THE THREE DOCTORS

I have dwelt at this length upon the medical direction given by men of such eminence, not only to show, as it is my duty to do, the filial regard of Cosmo, but also to furnish an ample explanation of his conduct at Avonmore during the illness; for, had not the confirmed opinion of these high authorities assured him that his father’s indisposition was but temporary, he would never have pursued the course which some severe critics have blamed, but which I can only praise. As it was, he felt himself justified in calling a certain number of chosen guests daily under his roof, and in undertaking, to some extent, the management of his father’s affairs; he was confident, moreover, that Mr Burden, on his approaching recovery, would absolve him of all indiscretion, and commend him even for his most speculative decisions.

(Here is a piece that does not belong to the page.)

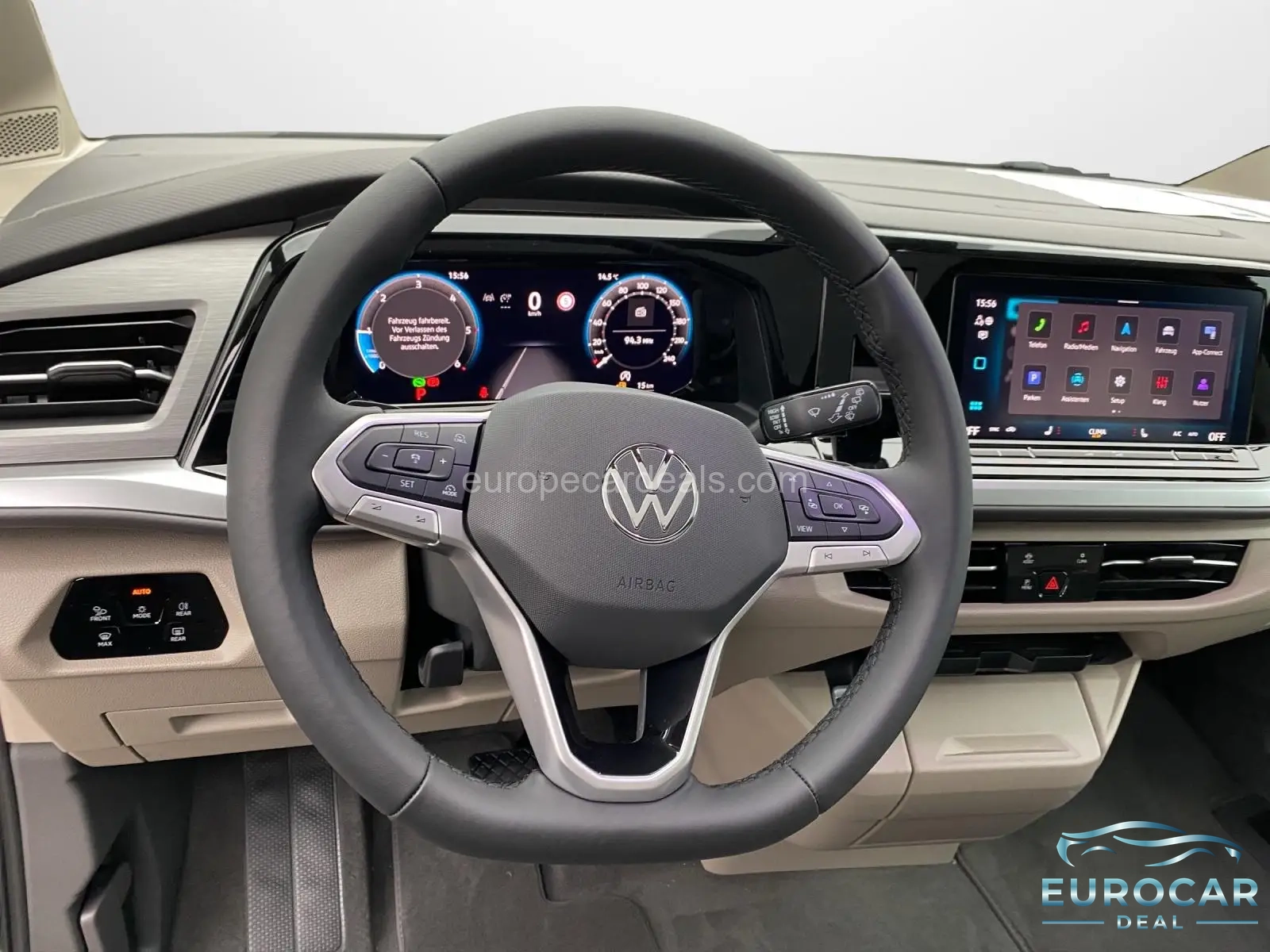 Volkswagen T7 Multivan
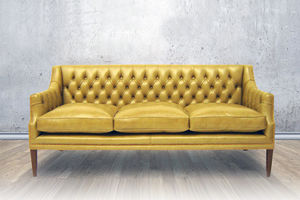 Chesterfield sofa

It was announced with pardonable exaggeration (but only in the daily papers whose pages we hardly recall in our hurried modern life) that Mr Burden, though still in feeble health, was able to direct his affairs from the sick room; and Cosmo did not hesitate, with a commercial courage which the future justified, to use his father’s name in several important expressions of opinion. He wrote also to the Press, above his own signature, twice within the space of a week, strongly supporting an attitude of the Directors which had been unduly criticised, and emphasising, with a fine indignation, the treachery of the unpatriotic crew who used his father’s name at a moment when the great merchant was unable to attend the meetings of the Board. Indeed, it may truly be said that, at this moment when Mr Burden’s body was most removed from the affairs of the M’Korio, his spirit was omnipresent in a way it had never been until that moment; his credit and position, which were of such incalculable advantage to that Imperial venture, were never so strongly before the public as at the moment when Cosmo, for his own wise ends, was speaking in the old man’s name.

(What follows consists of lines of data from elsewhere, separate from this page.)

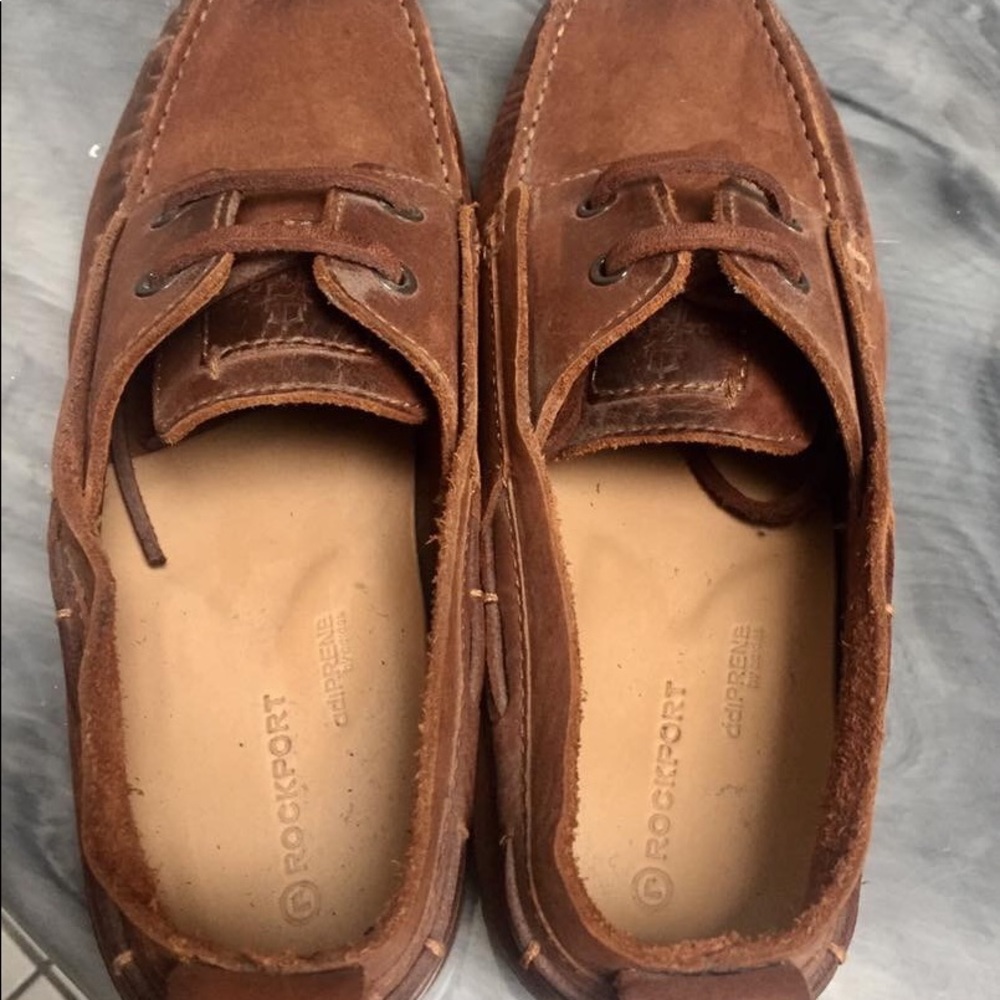 Men’s Rockport shoes - Picture 2 of 2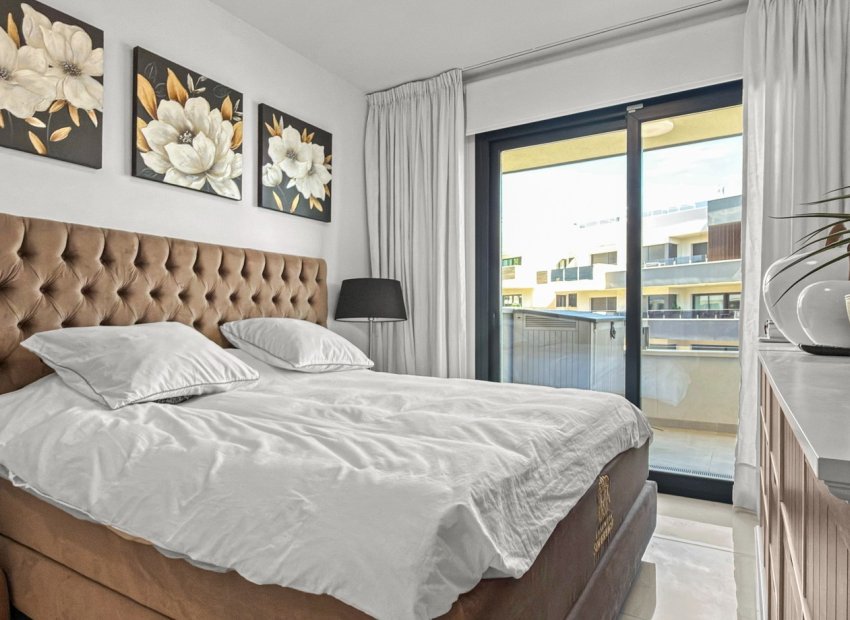 Resale - Apartments - Flats - Orihuela Costa - Playa Flamenca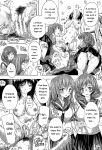 [Natsuka Q-Ya] Koko wa Kairakusou ~ Juumin Minna Inran Sugi! ~ [Eng][MTL]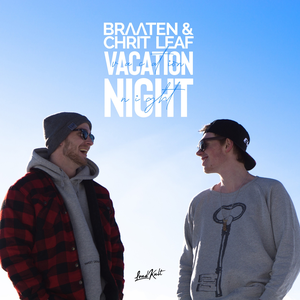 VACATION NIGHT 的封面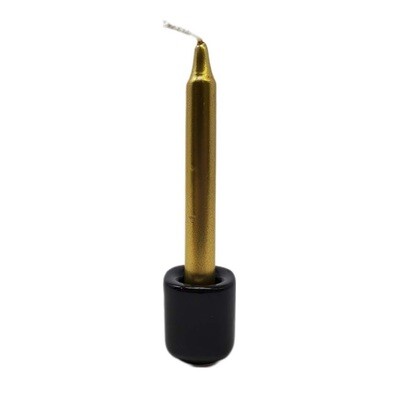 GOLD CHIME CANDLE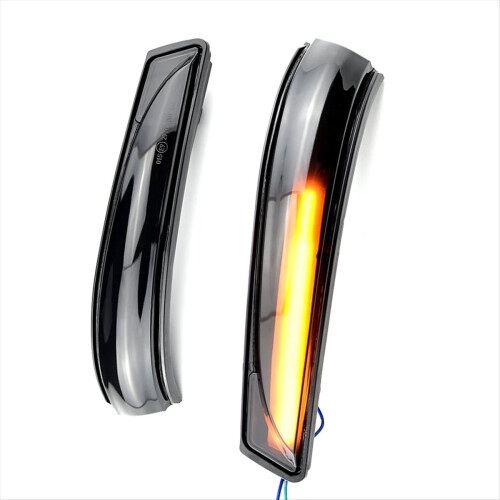 Φλας LED με ροή καθρέφτη οπισθοπορείας για GT Avante MK5 UD I30 2011-2015
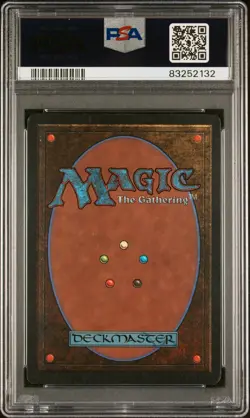 Kird Ape - Arabian Nights - MTG - Mint - PSA 9. See store for more MTG. - Image 2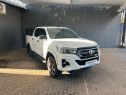 2018 Toyota Hilux 2.8 DC RB Dakar A/T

The splendid hospitality which the house at Norwood displayed at this moment was of importance equally critical. Not that the parties were large, but that this distant villa, which hitherto had seen few visitors, and those of but a humdrum sort, now received men upon whose capital or judgment, the principal affairs of our time are conducted. In a few days the public rumours of Mr Burden’s dissensions utterly died away, and the old man’s solid career became in the general estimation the pivot of the whole M’Korian scheme. So true is it that Providence does with us more than we mean! For Mr Burden, passing the days upstairs between sleeping and waking, glad that his son should be seeing something of companionship during this difficult period of his illness, would never have had the tenacity or the judgment to use his own influence as well as it was used by Cosmo for him.

The strong constitution which Mr Burden had inherited, and which he had carefully preserved, stood him in good stead during the course of his little illness. Ten days after he had taken to his bed, that is, upon August 23rd, he felt himself again; he could eat heartily, he read with a clear judgment, and he might, had he not wisely deferred to the opinion of the faculty, have left the house and gone about his business.

His doctors, however, with the double object of permanently curing their patient and of advancing the science they adorned, determined to defer his return to business.

With his physique, and under these conditions of increasing strength, the analysis of his malady became more and more difficult. His medical advisers determined therefore to prescribe a potion, whose virtue it was so to lower the action of the heart and to befog the brain, as to bring its recipient to a state the pathology of which is common knowledge throughout the profession. Thus artificially reduced to a condition which would indeed be morbid, but the familiarity of which would permit them to agree upon its nature, they could proceed from the known to the unknown, they could build up a definite basis, they could cure thoroughly, and they, the great scientists hoped, at the same time, to observe what organ it was that had failed their patient, and had yet eluded their consummate powers of observation.

A drug was therefore administered to him by the nurse, and he was told, as invalids must ever be, that it was but a harmless tonic. She advised him, if he felt inclined for sleep in the afternoon, to take a full rest: and, having thus carried out her instructions to the letter, the excellent woman went out for a few hours’ well-earned recreation, and left her sufferer to repose.

But when he had drunk his medicine, Mr Burden felt an odd fancy for the sun. The window of his great bedroom looked north, and he could see the summer light upon the trees beyond; for the doctors had left him at eleven, and it was noon. He ordered a servant, therefore, to take his deck-chair down into the conservatory, upon the southern side of the house: a greenhouse opening out of the drawing-room, of which indeed it formed a part, being separated from it only by a curtained archway supported upon columns in the Corinthian manner. Just round the corner of this arch, lying with a book in his hand which he would not read, and covered with a light rug, he felt a drowsiness not wholly pleasing come upon him, and fell into a curiously hard and uneasy slumber.